Majority Report: The substitute bill be substituted therefor and the substitute bill do pass. Signed by 9 members: Representatives Jinkins, Chair; Kilduff, Vice Chair; Rodne, Ranking Minority Member; Hansen, Kirby, Muri, Orwall, Stokesbary and Walkinshaw.

Minority Report: Do not pass. Signed by 4 members: Representatives Shea, Assistant Ranking Minority Member; Goodman, Haler and Klippert.

Staff: Edie Adams (786-7180).


The state's superior courts handle a variety of family and juvenile cases. Family court cases include proceedings involving dissolution, parenting plans, child custody and support, paternity, and adoption. Juvenile court is a division of superior court that handles cases involving juveniles including juvenile offenses, dependencies, termination of parental rights, at risk youth and children in need of services out-of-home placements, and emancipation of minors.

The Family and Juvenile Court Improvement Program (FJCIP) was established in 2008 to provide grants to superior courts to implement plans for improving the handling of family and juvenile court cases, especially child dependency cases, consistent with Unified Family Court (UFC) principles. Unified Family Court is a model for handling cases involving children and families based on the following principles: the assignment of one judicial team to one family; centralized case management; specialized education for judicial officers; judicial assignments for longer terms to provide continuity; and mandatory mediation in certain cases.

The Administrative Office of the Courts (AOC) administers the FJCIP. A court wishing to receive FJCIP grant money must submit a plan that meets criteria consistent with UFC principles and that: (1) commits to a chief judge assignment to the family and juvenile court for a minimum of two years; (2) implements the principal of one judicial team hearing all proceedings in a case involving one family, especially in dependency cases; and (3) requires family and juvenile court commissioners and judges to receive a minimum of 30 hours of specialized training in family and juvenile matters within six months of assuming family and juvenile court duties.
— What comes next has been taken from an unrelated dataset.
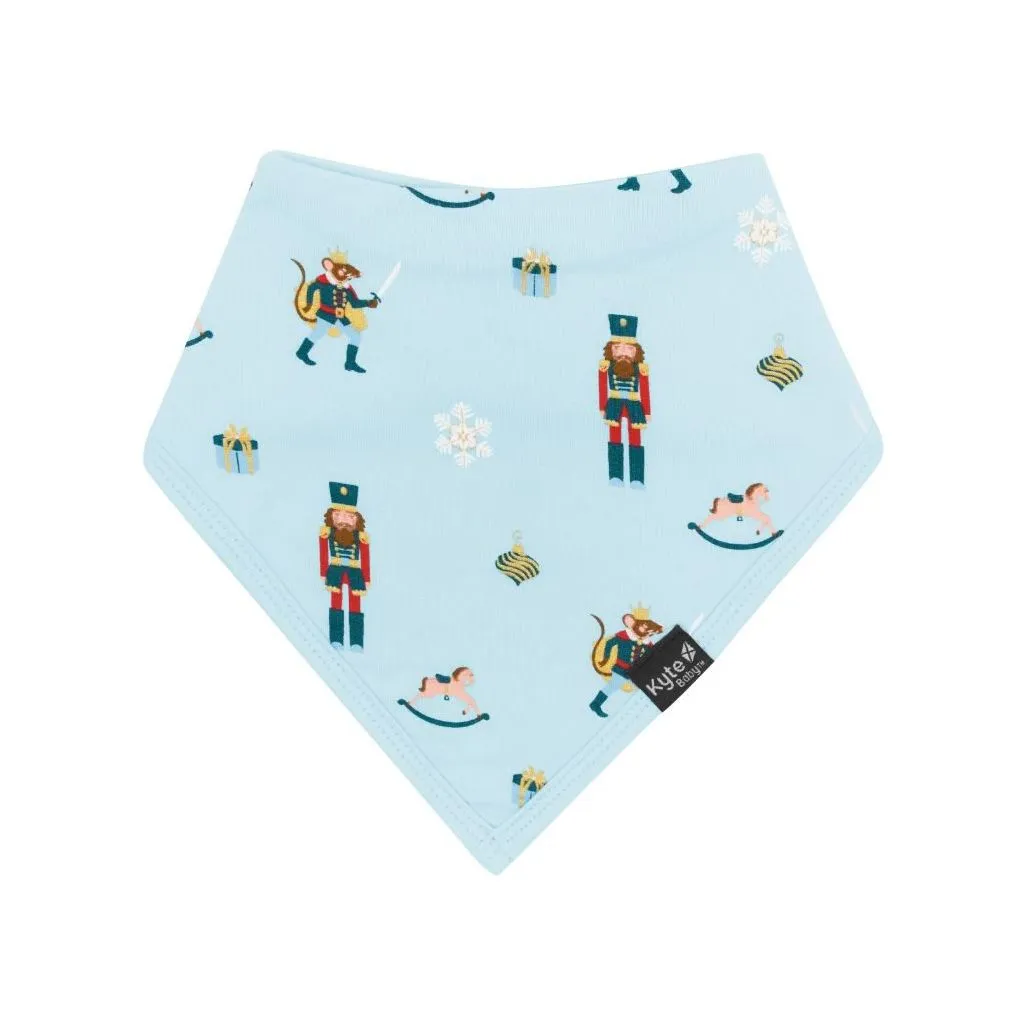 Kyte Baby Bibs - Holiday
Thirteen superior courts currently receive FJCIP funding to improve their family and juvenile court programs: Asotin, Columbia, and Garfield; Clallam and Jefferson; King; Pierce; Snohomish; Chelan; Island; Kitsap; Spokane; and Thurston.


Summary of Substitute Bill:

The AOC and the advisory committee of the FJCIP are directed to participate in the One Family One Team Public-Private Partnership (Partnership). The Partnership is a non-governmental public-private partnership that supports innovation in dependency court proceedings that provide well-trained and committed judicial leaders, an early resolution intervention, and a multidisciplinary team.
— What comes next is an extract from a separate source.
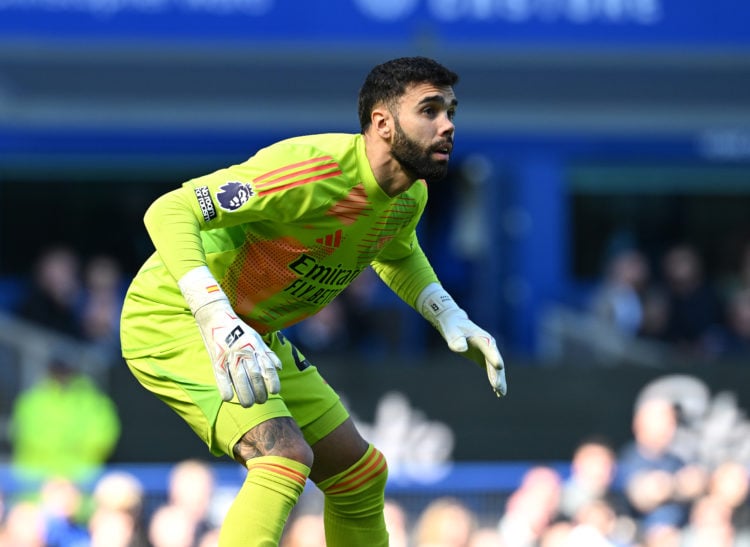 Photo by Stuart MacFarlane/Arsenal FC via Getty Images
The Partnership must identify private funding that will be matched with public funding for a court demonstration program which is to be Phase II of the FJCIP. The Partnership may receive staff support and meeting space from a private nonprofit organization dedicated to reforming the juvenile justice and child welfare systems in the state.

The Partnership must spend the first year designing and planning the FCJIP Phase II court demonstration program to provide grants to superior courts wishing to implement an early resolution intervention model for resolving child welfare cases. The Partnership must convene a planning and design committee, co-chaired by a superior court representative and a member of the private partners, to identify an early resolution intervention model by December 1, 2015. The Partnership must provide to the Legislature by January 1, 2016, a statement of the public and private funding required in order to provide demonstration grants to four counties.

The Partnership must design grant guidelines and selection criteria based on a contractual agreement with the AOC, and if public funding is made available, administer a competitive grant program open to superior courts in the state. Grant applications must meet the following criteria:

The One Family One Team Public-Private Partnership Account is created. All funds appropriated by the Legislature and provided by other sources to support the Partnership must be deposited in the account. The AOC may authorize expenditures from the account. Beginning August 1, 2015, the AOC must only use funds in the account to contract with the Partnership to design and administer planning grants. Expenditures may be made only after private funds are committed.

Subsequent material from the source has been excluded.